Runaway Vegas Bride / Vegas Two-Step: Runaway Vegas Bride / Vegas Two-Step
Teresa Hill
Liz Talley
Runaway Vegas BrideWyatt has his hands full when he needs to save his uncle from eviction. The one bright spot is Jane, the only woman who can help him. The buttoned-down beauty poses an irresistible challenge to Wyatt’s playboy ways. And Vegas is the perfect place to show her how to unwind! Vegas Two-StepA post-makeover fling. That’s all Nellie wants from Jack. After all, a librarian from Texas doesn’t have a lot in common with a hot-shot tycoon. Sure, their week in Las Vegas is wonderful, but Nellie has her real life to get back to. Until Jack shows up in her home town!
RUNAWAY VEGAS BRIDE
TERESA HILL
AND
VEGAS TWO–STEP
LIZ TALLEY
www.millsandboon.co.uk (http://www.millsandboon.co.uk)
RUNAWAY VEGAS BRIDE
TERESA HILL
Dear Reader,
Writers will tell you story ideas are all around us, and they truly are.
This idea came from a newspaper story about two elderly residents of a retirement home falling in love, much to the outrage of their respective families. Love in the eighties took on a whole new twist.
I took that idea and played with it, twisted it this way and that, turned it just so. It’s what writers do to make a story our own.
Who were these people who fell in love? What were they like? What reasons would their respective families have to be upset about that? How complicated could I make this? How much fun could we all have along the way?
The result is the kind of life in our eighties and even nineties that I hope all of us have: busy, fun, active, surrounded by friends and lots of love, along with glorious adventures. (And maybe a little scheming and meddling in our loved ones’ lives.)
Happy reading,
Teresa Hill
About the Author
TERESA HILL lives within sight of the mountains in upstate South Carolina with one husband, very understanding and supportive; one daughter, who’s taken up drumming (earplugs really don’t work that well. Neither do sound-muffling drum pads. Don’t believe anyone who says they do.); and one son, who’s studying the completely incomprehensible subject of chemical engineering (Flow rates, Mom. It’s all about flow rates.)
In search of company while she writes away her days in her office, she has so far accumulated two beautiful, spoiled dogs and three cats (a black panther/champion hunter, a giant powder puff and a tiny tiger-stripe), all of whom take turns being stretched out, belly up on the floor beside her, begging for attention as she sits at her computer.
To my son, John, on the occasion of his 21st birthday
and first trip to Vegas.
May your math skills and all those poker probabilities
you memorized serve you well.
And please stay far, far away from the
Love Me Tender Wedding Chapel.
Chapter One
“Darling, I’m in love!”
Jane Carlton choked on her hot tea, then covered the phone with her hand and mouthed to her assistant, “Did you say this is my grandmother?”
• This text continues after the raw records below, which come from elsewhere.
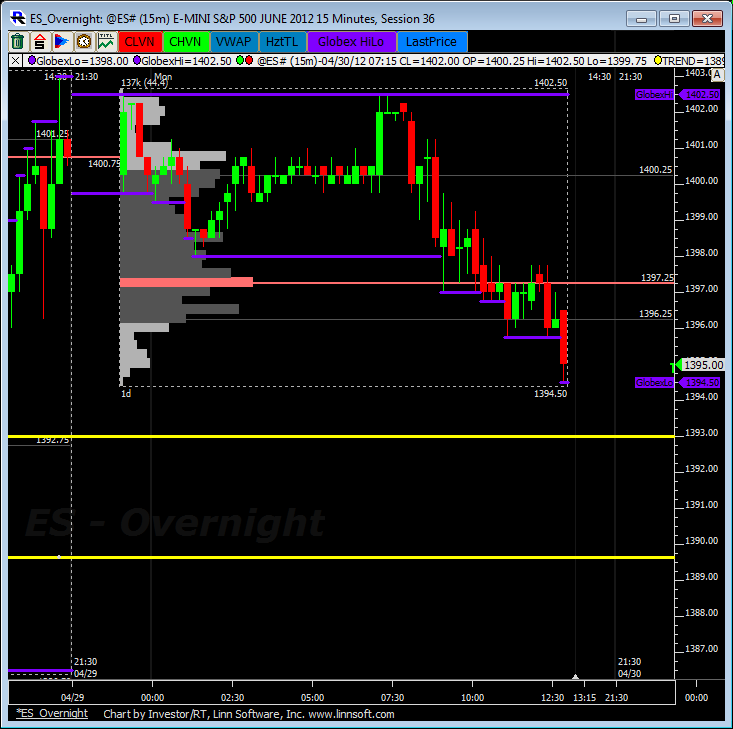 ES_Overnight_30-04-2012.png
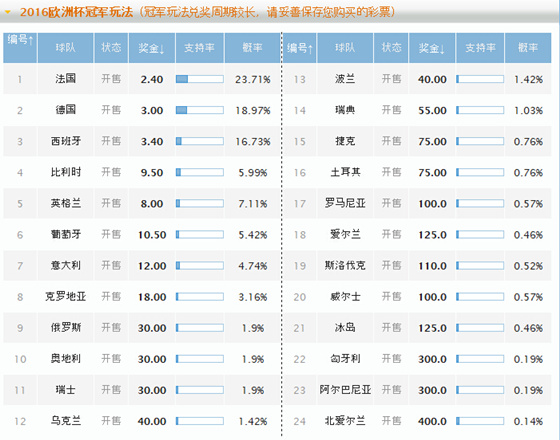 即时赔率_澳门足球赔率_澳门赔率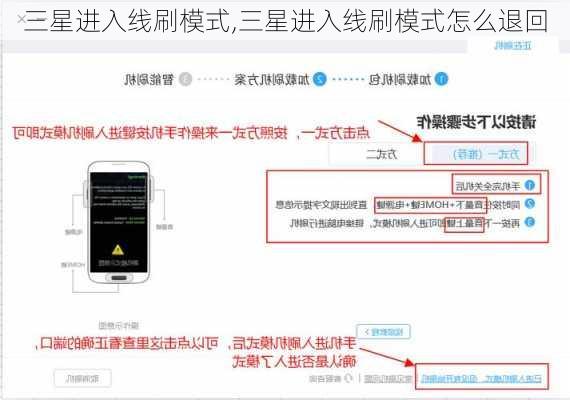 三星进入线刷模式,三星进入线刷模式怎么退回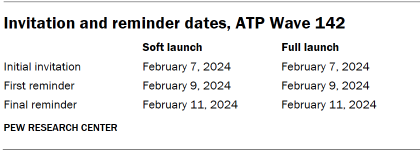 Table shows Invitation and reminder dates, ATP Wave 142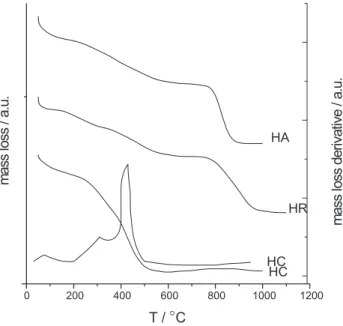 Table 2. Thermogravimetric data for commercial humic acid (HA) and humic acids extracted from red Latosol soil (HR) and red-yellow sandy phase (HC), with initial mass of sample (m), mass loss in the respective ranges of temperature ( Δ T) with a heating ra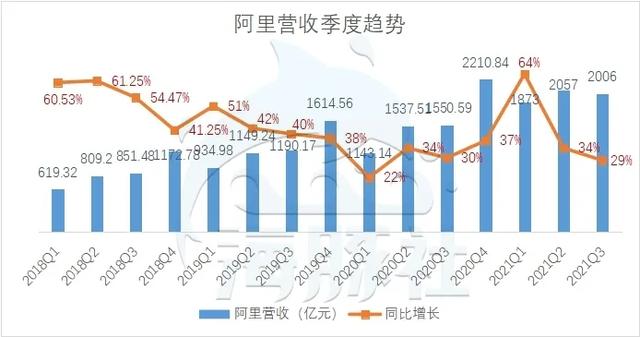 ����Ͱ�2021��������5����������⻼���ϣ�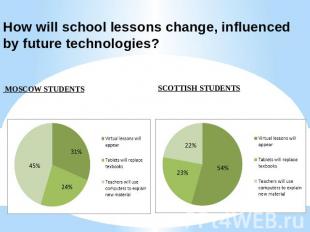 How will school lessons change, influenced by future technologies? MOSCOW STUDEN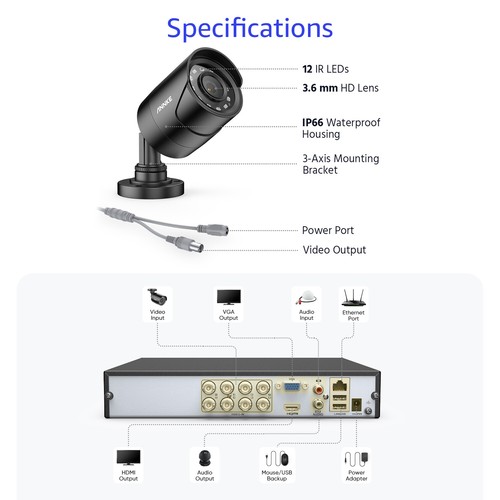 ANNKE 8CH DVR 1080P Security Camera System IR Night Vision Person Vehicle Detect - Picture 3 of 15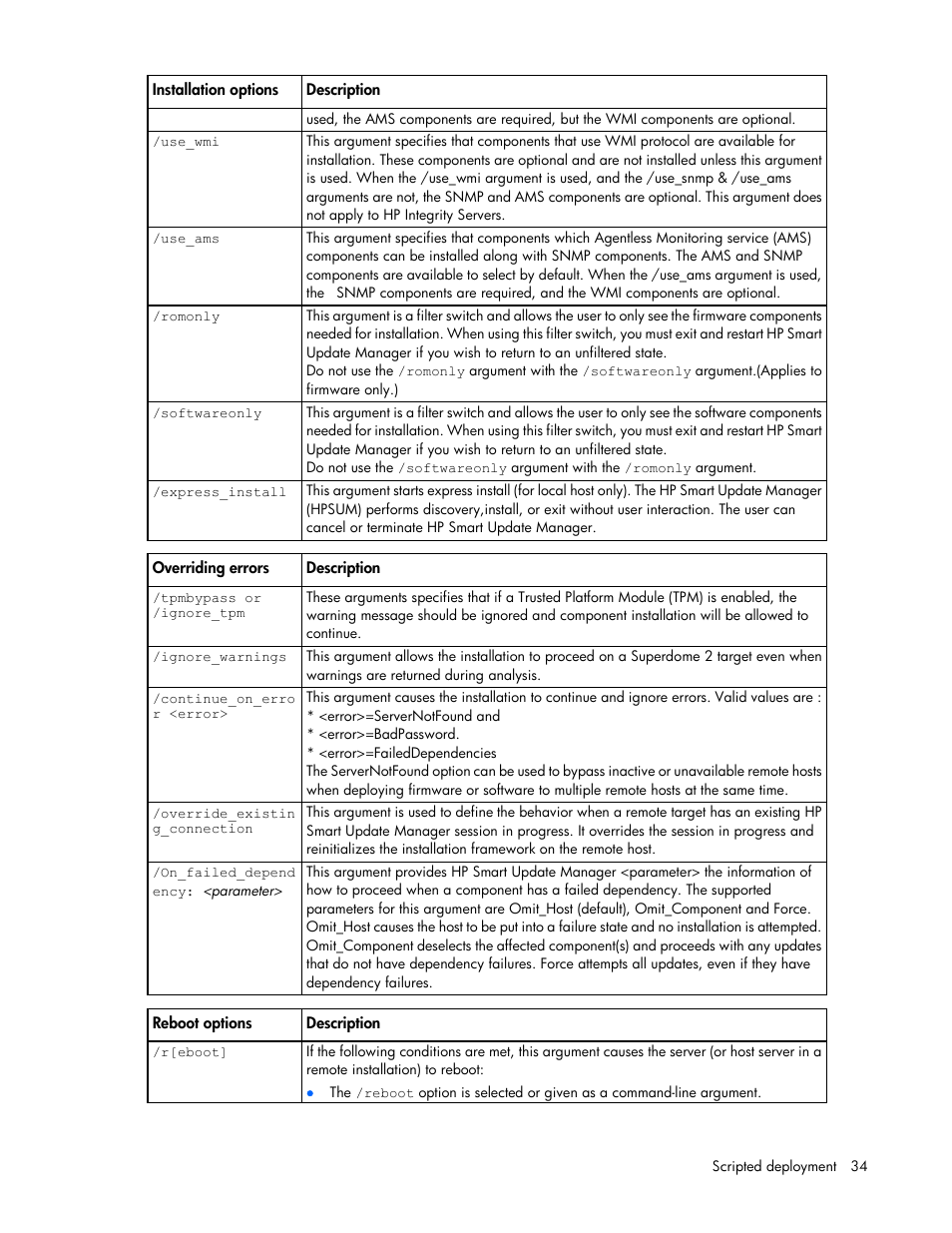 HP Smart Update Manager (User Guide) User Manual | Page 34 / 82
Lainie nodded, looking concerned. “What is it? She sounded okay. Is she okay?”
Jane threw up her hands as if to say she had no idea, then tucked the phone into her shoulder once again and said, “Gram?”
“Yes, dear. Did you hear me?”
“I…maybe,” Jane admitted. “Say it again?”
“I’m in love!”
The words came out sounding like lyrics in a musical—theatrical, whimsical, larger-than-life.
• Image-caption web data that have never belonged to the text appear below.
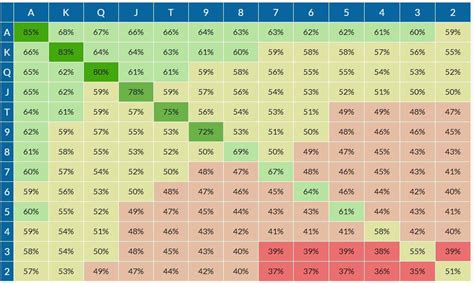 Statistique De Poker Tableau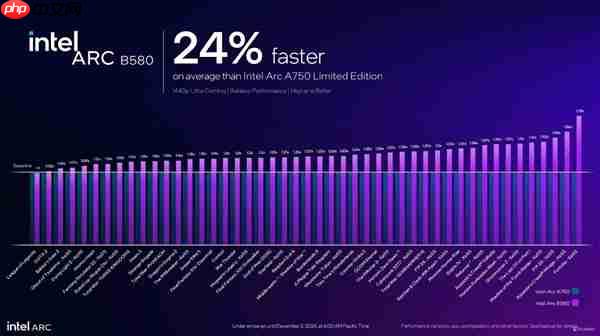 英特尔锐炫B770显卡来袭：300W功耗冲击3000元级市场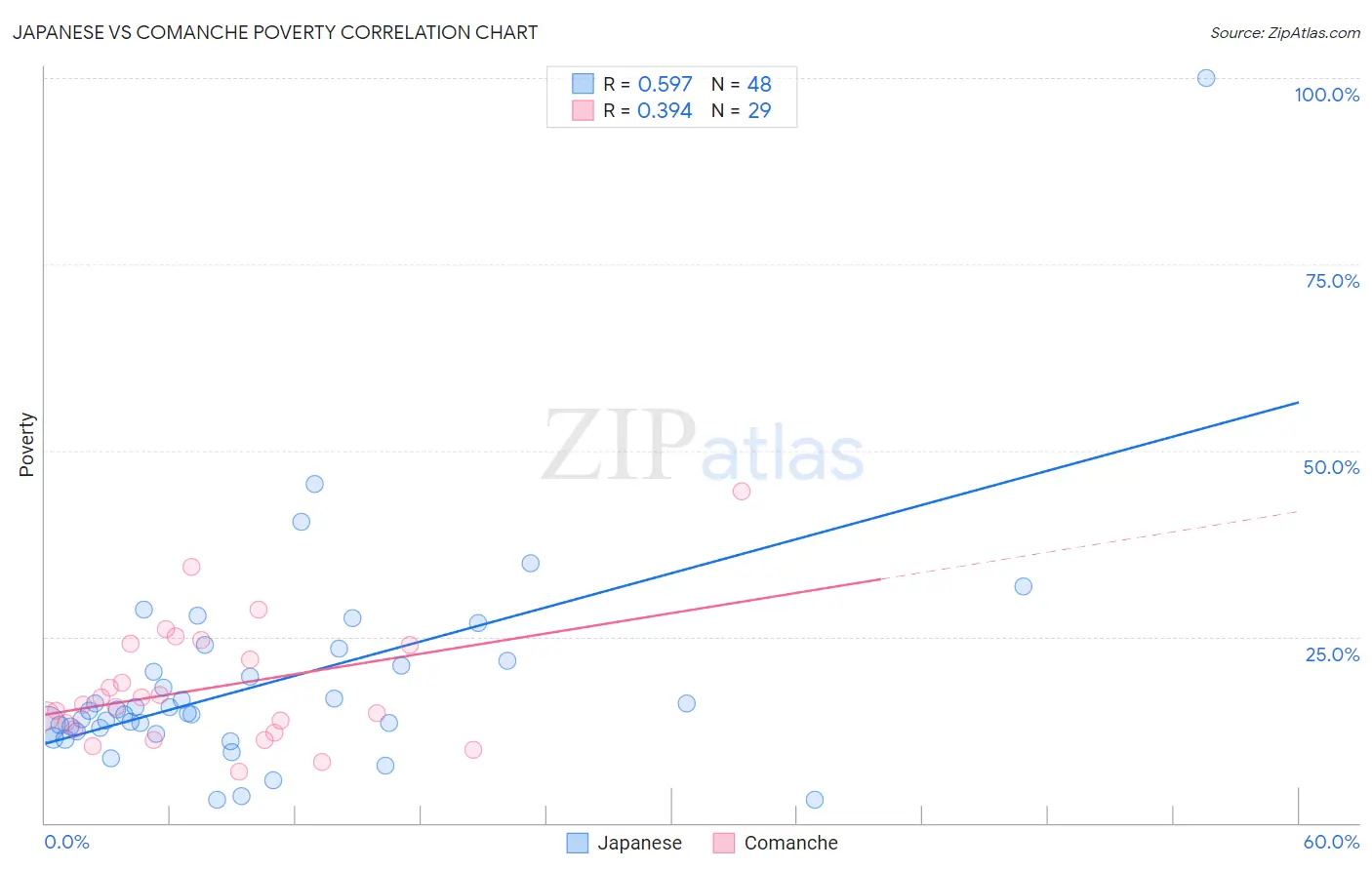 Japanese vs Comanche Poverty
There was just one problem.
The women in Jane’s family didn’t do love. They didn’t do forevers.
Oh, they had men in their lives. But they made no mistakes about it involving anything as substantial and long-lasting as love.
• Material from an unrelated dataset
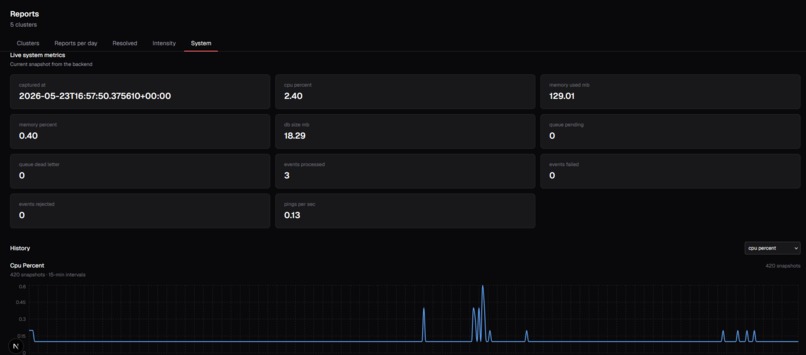 Pothole Detector – screenshot 4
Jane had learned that the hard way.
“Gram, I thought—”
“I know. I know! That’s why it’s so amazing! Me, in love, finally, at seventy-six! Who’d have believed it?”
“Wait,” Jane said, shaking her head. “Gram, you’re eighty-one—”
“He moved into one of the cottages a week ago! The most amazing man I’ve ever met in my life, Jane, and…Oh, here he comes! Leo! Over here! Over here!”
Jane’s grandma sounded like a teenager.
This was so bizarre.
Was it some kind of sudden-onset dementia that had her believing she was only seventy-six? Worst yet, could that have taken her back in her own mind to her teenage years in the four days since Jane’s last visit?
Because that’s what she sounded like, a ridiculous kid in love.
“Say you’ll come and have dinner with us so you can meet him,” Gram said. “Tonight? All right? It’s lasagna night. Goodbye, my darling girl.”